Côte d’Ivoire: les soldats mettent fin à leur mutinerie après un accord
Bouaké (Côte d’Ivoire) - Les militaires qui ont paralysé
pendant deux jours Bouaké, deuxième ville de la Côte d’Ivoire, et
plusieurs autres agglomérations ont mis fin dimanche à leur mutinerie après
l’annonce d’un accord sur leurs revendications par le président Alassane
Ouattara.
"Il n’y a plus eu de tirs depuis samedi dans la nuit. On ne voit
plus de militaires en ville. Ce matin la circulation a repris, les commerces
ont rouvert", a rapporté un correspondant de l’AFP à Bouaké, qui a
également fait état de patrouilles militaires dans la ville d’où était parti le
mouvement vendredi.
"On est content du dénouement heureux avec cet accord. Ce qu’on
demande au président, c’est d’être attentif aux conditions de vie des
militaires", a déclaré sous couvert d’anonymat l’un des meneurs de la
révolte qui avait gagné plusieurs autres villes, dont Abidjan, la métropole
économique et politique.
Dans une allocution télévisée samedi soir, M. Ouattara avait annoncé son
"accord pour la prise en compte des revendications relatives aux primes et
à l’amélioration des conditions de vie des soldats".

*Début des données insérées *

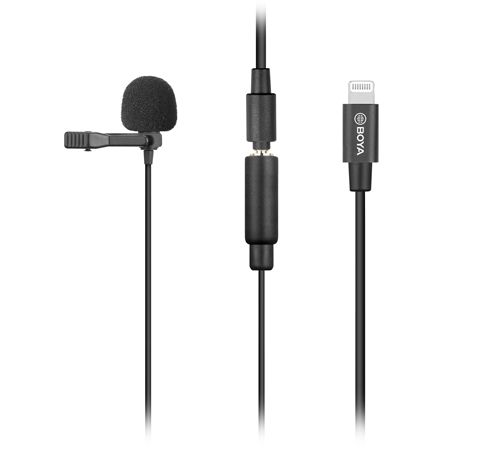 Boya Clip-on Lavalier Mic - iOS BY-M2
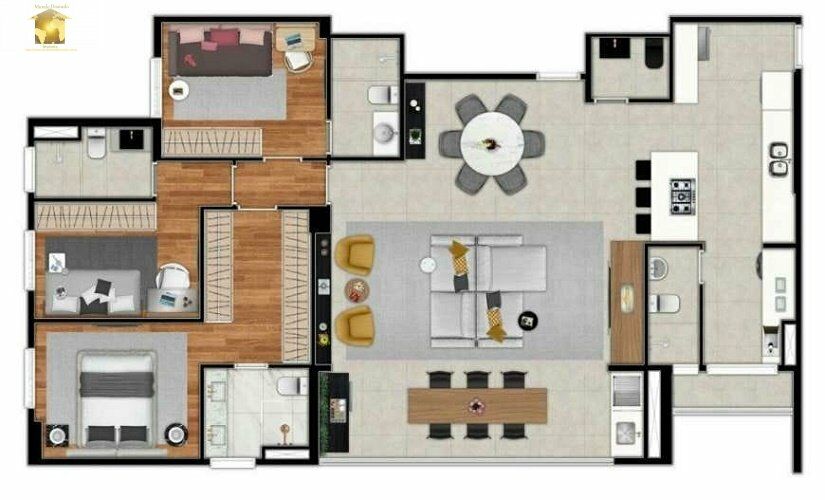 Apartamento à venda com 3 quartos, 130m² - Foto 15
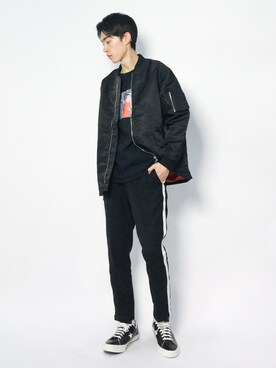 Morikawa Yoshinoriさん（メンズ・176cm）の冬コーディネート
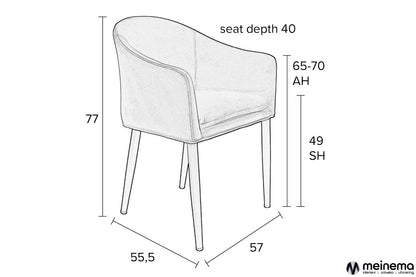 armchair afmetingen jamie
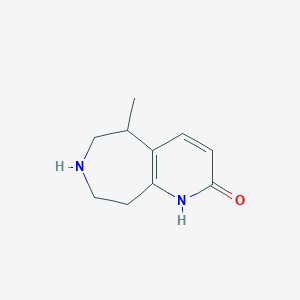 molecular formula C10H14N2O B8400143 5-Methyl-6,7,8,9-tetrahydro-5H-pyrido[2,3-d]azepin-2-ol 
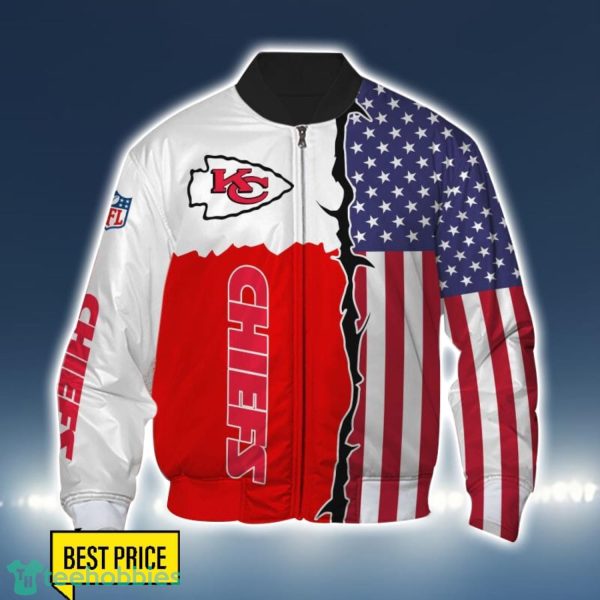 Kansas City Chiefs US Flag 3D All Over Printed T-shirt Hoodie Sweatshirt Product Photo 4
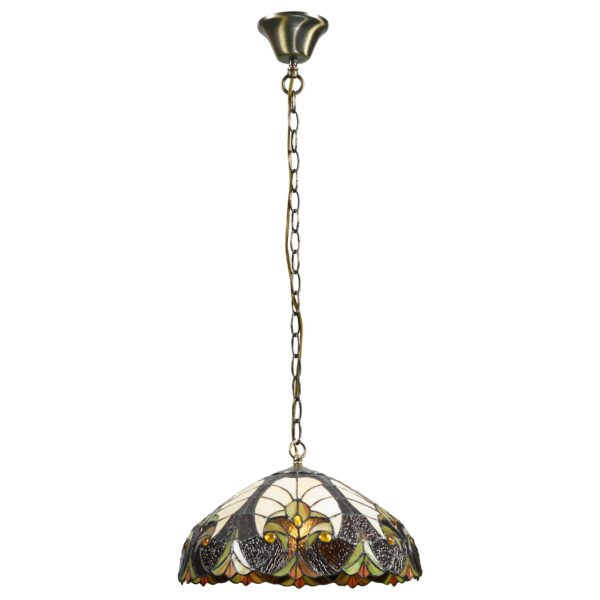 6fhitieenzaqg8ccy6r09qe0q1gfvqv2 815-806-02 VELANTE Стиль Tiffany светильник подвесной, E27, 2x60W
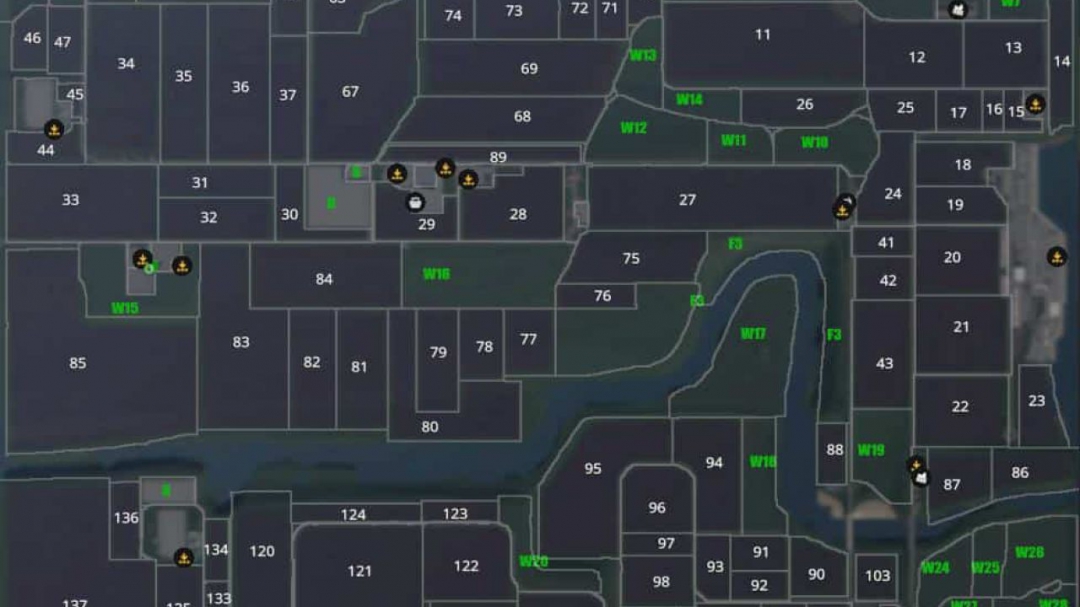 FS19 Project Niedersachsen Vierfach Map v2.5.1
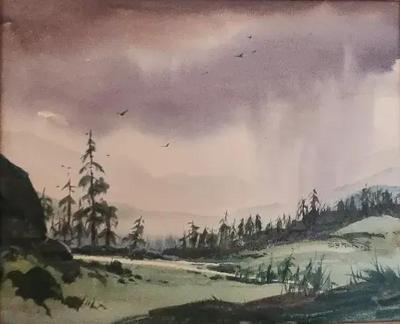 Watercolor By BOB PECK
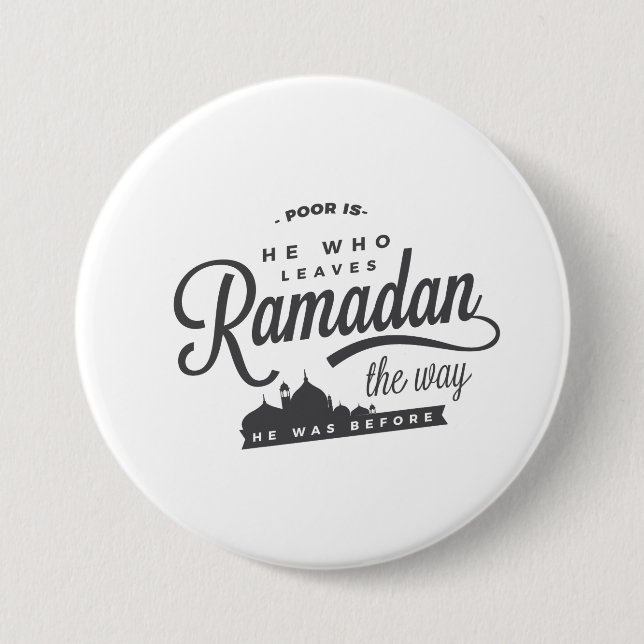 Armen ist er, der Ramadan die Weise verlässt Button (Vorderseite)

"Je demande à tous les soldats de regagner leurs casernes pour
permettre l’exécution de ces décisions dans le calme", avait-il ajouté. A
Abidjan, où des tirs avaient été entendus samedi dans une caserne et un
carrefour important bloqué par des militaires, le calme était également revenu.
Dimanche, dans le quartier du Plateau - siège de la présidence, du
gouvernement et du Parlement - "la vie suit son cours normal",
a rapporté un habitant à l’AFP.
A Man (ouest) et Korhogo (nord), où les soldats étaient également sortis
de leurs casernes, "la vie a repris", ont témoigné des habitants
joints au téléphone. Mais dimanche, des habitants de Bouaké ne cachaient pas
leur colère contre les manifestations des militaires qui ont semé la panique -
sans faire de victimes - par des tirs à l’arme lourde et des rafales de
kalachnikov.
"On ne veut plus de cette situation à Bouaké. On est fatigués des
agissements des militaires. Vivement que le président Ouattara trouve une
solution définitive à leurs problèmes", a ainsi lancé Adama Coulibaly, un
enseignant.
"On ne veut plus de bruits de bottes à Bouaké", a réagi
Séraphin Kouadio, un informaticien.
- Ministre retenu -
L’accord avait été scellé samedi à Bouaké à l’issue d’une rencontre entr
le ministre de la Défense Alain Richard Donwahi et des soldats réclamant le
paiement de primes, des augmentations de solde, une promotion plus rapide entre
les grades et des logements.
Des militaires en colère avaient cependant empêché le ministre et sa
délégation de quitter la résidence du sous-préfet en tirant des rafales de
kalachnikov et à l’arme lourde.
M. Donwahi et sa délégation ont été retenus un peu plus de deux heures,
avant de pouvoir partir. Après la libération du ministre, les militaires ont
levé les barrages
"En ce qui concerne les primes, tous les arriérés seront payés. Il y
a beaucoup de problèmes à régler, nous en sommes tout à fait conscients, nos
hommes aussi. Je peux vous assurer que nous allons tenir nos engagements, mais
eux aussi vont tenir leurs engagements", avait affirmé M. Donwahi à son
arrivée à Abidjan.
Les revendications des mutins étaient matérielles mais elles marquent le
retour d’un problème récurrent dans un pays sorti en 2011 de dix ans de
rébellion dont Bouaké, 1,5 million d’habitants, fut la capitale. En novembre
2014 déjà, une vague de protestation de soldats était partie de Bouaké pour des
questions de soldes et s’était étendue à Abidjan et d’autres villes.
Les troubles de cette semaine interviennent alors que le président doit
annoncer pour ce début janvier la nomination d’un vice-président et d’un
Premier ministre. L’élection du président de l’Assemblée nationale doit
également avoir lieu prochainement.
Selon un observateur interrogé par l’AFP, "une des questions est de
savoir s’il y a une manipulation politique. Est-ce que d’anciens chefs de guerre
sont derrière ça? Impossible de le savoir".
De leur côté, les soldats mutins rejettent toute récupération politique.
Le président Ouattara "est notre père spirituel, c’est une affaire de
famille. On peut équiper l’armée mais si les hommes qui sont à la tâche ne sont
pas motivés, ça ne servira à rien", a estimé l’un des mutins.
La rébellion du nord qui coupa la Côte d’Ivoire en deux en 2002-2011
était favorable à M. Ouattara, alors que le sud était tenu par les forces
loyales à l’ex-président Laurent Gbagbo.